Aircraft flight control system.

Due to space limit, we do not explain all five parts in Fig. 2. By the way, that computer system is responsible for many important tasks, for example, data collection, compute the control law and flight mission management etc. it uses a 32-bit microprocessor with powerful data processing capability, and provides conditions for implementing complex control laws to ensure the reliability and safety for flight control system, being defined as a position servo system in Fig. 3.

Fig. 3
figure 3

Position servo system.

where in above Fig. 3, the dual closed loop system is composed of the current feedback and position feedback, which enables the position servo system to have fast transient response, precise tracking property and high stability, coming from the good effect of dual feedback.
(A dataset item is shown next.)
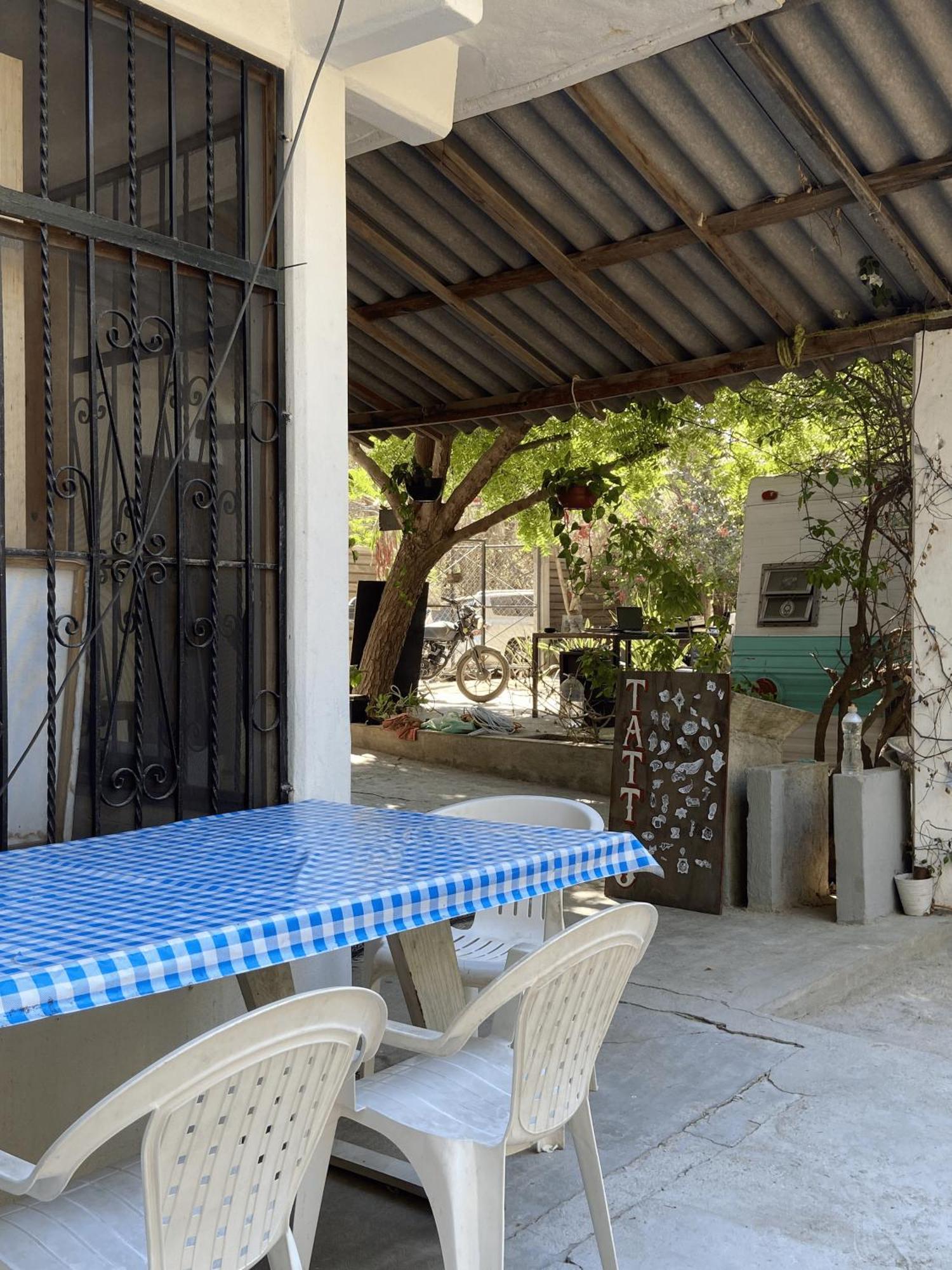 Maracuya Hostal Zipolite - Coworking, Gym, Activities Exterior photo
Control strategy for perfect tracking

Observing Fig. 2, dual feedback loop exists in that aircraft flight control system. As the inner loop is only one unit feedback loop, and the external loop includes one unknown controller, so our extracted closed loop system is that external loop, i.e. reducing to one simplified structure in Fig. 4.

Fig. 4
figure 4

Simplified closed loop system.

where in above Fig. 4, \(P\left( z \right)\)\(P\left( z \right)\)\(P\left( {} \right)\)\(P\left( z \right)\)\(P\left( z \right)\)is aircraft kinematic model, \(C\left( z \right)\)is the unknown controller. \(r\left( t \right)\)\(r\left( t \right)\)is the given input signal, \(u\left( t \right)\)is the controller output. y(t) is the whole closed loop system output, \(d\left( t \right)\)is the external noise or disturbance. \(M\left( z \right)\)is the desired or expected system for system response \({y_0}\left( t \right)\), i.e. \({y_0}\left( t \right)=M\left( z \right)r\left( t \right)\). Error signal \(e\left( t \right)=r\left( t \right) - y\left( t \right)\), and output error \(\xi \left( t \right)=y\left( t \right) - {y_0}\left( t \right)\). z is the shift operator.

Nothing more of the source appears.